Comment Paris gérait la démographie de La Réunion

mardi 10 avril 2018, par Manuel Marchal


Le 19 mars 1946, La Réunion n’est plus une colonie. Les luttes des progressistes de La Réunion, de la Martinique, de la Guadeloupe et de la Guyane avaient permis d’obtenir la création du statut de département pour sortir de la colonisation.


En 1968, Témoignages révélait le scandale d’Etat.

C’était une revendication portée par le mouvement syndical. À La Réunion, ces syndicats avaient construit une organisation politique, le CRADS, qui rassemblait au-delà de l’électorat dit de gauche. Cela avait donné à ce rassemblement une large victoire dans toutes les élections qui ont suivi la Seconde guerre mondiale.

L’objectif du département était de faire bénéficier à tous les Réunionnais des conquêtes sociales obtenues par le Front populaire et l’application du programme du Conseil National de la Résistance. Cela signifiait notamment la Sécurité sociale. Du jour au lendemain, il était possible pour les Réunionnais de se soigner gratuitement. C’était une révolution dans un des pays qui avait à l’époque une des espérances de vie les plus faibles au monde, et un taux de mortalité infantile de plus de 180 pour 1.000. Les pères de ce nouveau statut comptaient également sur l’abolition du statut colonial pour remettre en cause la structure de la société coloniale. Elle était marquée par de très fortes inégalités, et la domination d’une aristocratie du sucre qui s’enrichissait grâce à l’exploitation de tout un peuple.
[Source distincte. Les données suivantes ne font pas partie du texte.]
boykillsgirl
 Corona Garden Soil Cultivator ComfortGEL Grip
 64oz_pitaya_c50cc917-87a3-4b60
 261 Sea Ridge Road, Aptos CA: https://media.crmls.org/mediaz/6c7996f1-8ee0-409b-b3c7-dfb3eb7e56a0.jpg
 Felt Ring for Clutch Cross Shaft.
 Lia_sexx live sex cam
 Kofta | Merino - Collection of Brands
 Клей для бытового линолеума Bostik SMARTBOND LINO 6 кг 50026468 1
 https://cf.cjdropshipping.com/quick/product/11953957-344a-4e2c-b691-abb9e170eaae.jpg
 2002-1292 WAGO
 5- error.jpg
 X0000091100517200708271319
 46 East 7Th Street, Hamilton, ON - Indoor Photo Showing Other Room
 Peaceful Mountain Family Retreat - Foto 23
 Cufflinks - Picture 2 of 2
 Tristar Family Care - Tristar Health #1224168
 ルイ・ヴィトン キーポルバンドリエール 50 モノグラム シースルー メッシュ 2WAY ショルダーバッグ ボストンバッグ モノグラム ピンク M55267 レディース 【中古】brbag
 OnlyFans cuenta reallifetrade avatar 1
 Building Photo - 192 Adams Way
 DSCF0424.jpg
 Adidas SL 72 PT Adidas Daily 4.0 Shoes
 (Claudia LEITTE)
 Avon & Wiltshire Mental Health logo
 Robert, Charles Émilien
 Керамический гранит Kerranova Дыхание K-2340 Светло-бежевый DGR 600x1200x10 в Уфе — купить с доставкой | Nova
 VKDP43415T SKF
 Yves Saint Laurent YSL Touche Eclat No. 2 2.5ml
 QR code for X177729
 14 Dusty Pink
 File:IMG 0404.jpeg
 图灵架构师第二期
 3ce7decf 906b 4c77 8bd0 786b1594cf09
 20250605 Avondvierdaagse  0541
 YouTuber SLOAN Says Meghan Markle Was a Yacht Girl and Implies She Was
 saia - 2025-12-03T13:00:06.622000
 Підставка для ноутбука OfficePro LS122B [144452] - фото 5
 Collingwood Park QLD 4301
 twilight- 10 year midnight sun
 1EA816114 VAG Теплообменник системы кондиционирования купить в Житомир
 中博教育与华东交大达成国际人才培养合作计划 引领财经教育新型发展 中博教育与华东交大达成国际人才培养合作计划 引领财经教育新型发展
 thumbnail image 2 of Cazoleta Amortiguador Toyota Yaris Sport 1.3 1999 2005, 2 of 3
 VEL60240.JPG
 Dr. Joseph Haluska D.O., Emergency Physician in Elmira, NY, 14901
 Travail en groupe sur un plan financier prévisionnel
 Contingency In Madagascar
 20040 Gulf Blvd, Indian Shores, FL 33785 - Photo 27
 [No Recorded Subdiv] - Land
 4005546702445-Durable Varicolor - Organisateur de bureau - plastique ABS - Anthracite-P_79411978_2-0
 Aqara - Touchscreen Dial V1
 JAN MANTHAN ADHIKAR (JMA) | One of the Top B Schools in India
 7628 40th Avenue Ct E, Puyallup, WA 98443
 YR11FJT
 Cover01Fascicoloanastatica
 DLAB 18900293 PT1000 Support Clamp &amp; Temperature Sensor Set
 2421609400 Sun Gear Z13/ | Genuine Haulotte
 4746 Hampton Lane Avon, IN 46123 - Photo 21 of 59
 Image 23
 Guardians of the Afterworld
L’arrivée de la Sécurité sociale allait entraîner le début d’une période dénommée transition démographique. C’est une époque durant laquelle le taux de natalité reste aussi important qu’avant, alors que le taux de mortalité diminue. La conséquence est un accroissement rapide et durable de la population.

L’Europe avait déjà connu cette période. La question démographique fut réglée par la création de colonies de peuplement dans les Amériques et en Australie. Ainsi, les États-Unis étaient un pays composé majoritairement d’Européens qui ont quasiment exterminés les peuples déjà présents sur ce territoire.

À La Réunion, la transition démographique commença à faire pleinement effet à partir des années 1960. Plutôt que d’accompagner ce phénomène en développant La Réunion pour que ces nouveaux jeunes puissent y avoir un travail et un avenir, les gouvernements de l’époque ont imposé une politique opposée. Il s’agissait de vider La Réunion de sa jeunesse pour l’envoyer en France en tant que main d’oeuvre immigrée destinée à occuper les emplois que les autochtones avaient du mal à pourvoir. Ce projet avait aussi pour but de faire taire les luttes en déplaçant en France la frange la plus dynamique du mouvement social, qui était susceptible d’être conquise par les idées du PCR.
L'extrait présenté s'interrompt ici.